Brian: So here we go Jepson's Malort is a liquor, is a brand of Besk produced by the Carl Jepson company in Chicago. Jepson's Malort is named after Carl Jepson the Swedish immigrant who first popularized and sold the liqueur in Chicago.

Rich: Who is Besk?

Brian: Ah, we'll get to that though.

Rich: But wait there's more!

Brian: Yeah we should find the Besk story. So basically, it's like a Swedish kind of liqueur.

Rich: Yeah, like meatballs. and

Mario: I read a story where the Jepson's people copyrighted the name Malort

Brian: That's what is was.

Mario: Then they had to stop using the name Malort  and started calling it Besk.

Brian: Yeah it's kind of the same thing shortly yeah so they make this terrible liqueur and for some reason they drank it in Chicago. And the reason why you can't get it anywhere else, just in Chicago because it's...

Mario: So the Chicago handshake is beer with one of those shots. I don't know why they call it the Chicago handshake.

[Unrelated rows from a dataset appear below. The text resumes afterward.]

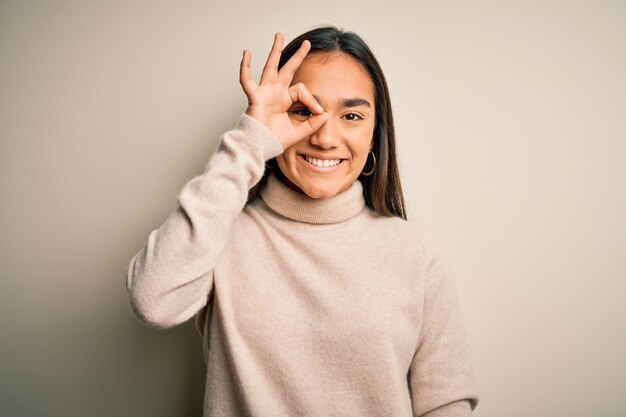 Joven hermosa mujer asiática con suéter casual de cuello alto sobre fondo blanco haciendo un buen gesto con la mano sonriendo mirando a través de los dedos con cara feliz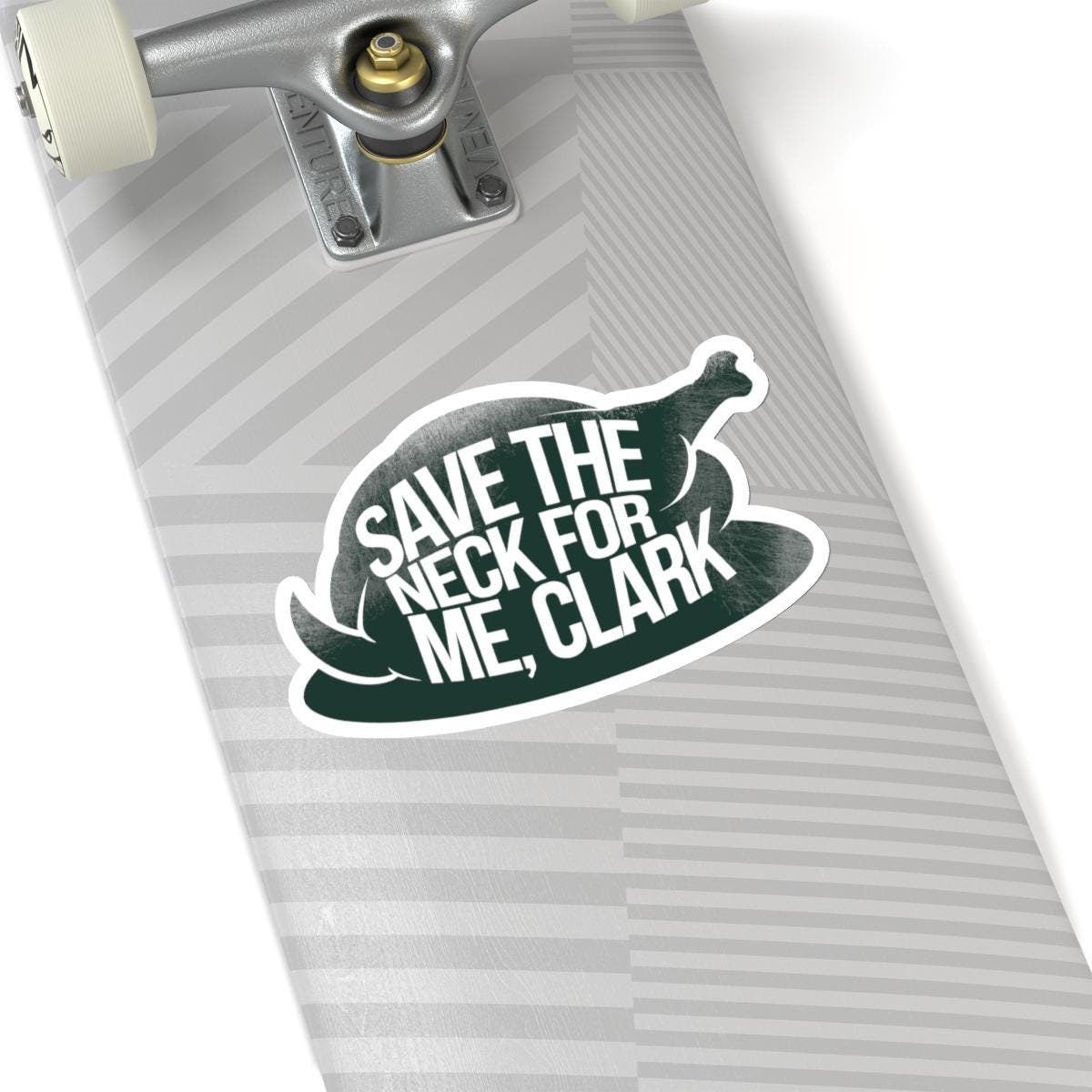 a skateboard with a sticker saying save the neck for me clark, National Lampoons Decal, Christmas Vacation stickers, Chevy Chase Stocking Stuffer, Funny You Serious Clark Christmas Vinyl Laptop Stickers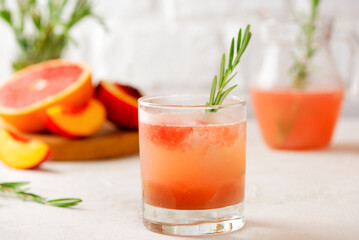 Obraz premium Grapefruit and peach drink, tea, lemonade, cocktail with rosemary. Healthy drink, sugar and alcohol free.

Rich: Any specific kind of beer?

Mario: Usually a local Chicago beer which they're not very good.

Brian: Okay so you know what we should do? We should make sure we have something ready to chase with.

Rich: Oh really? Okay.

Brian: Because it is pretty terrible.

Mario: Yeah that's what I was actually sipping it in the bar and the guy is like just down and then just chug a beer to kill the taste. 

Rich: Well here's my thought is that I don't want to ruin any of the beers that we brought, so is there water somewhere

Mario: Brian do you have like a Piels around there somewhere? 

Brian: I've got water right here. It's the prepper basement.

Rich: Whatever the hell is going to work. Maybe...milk?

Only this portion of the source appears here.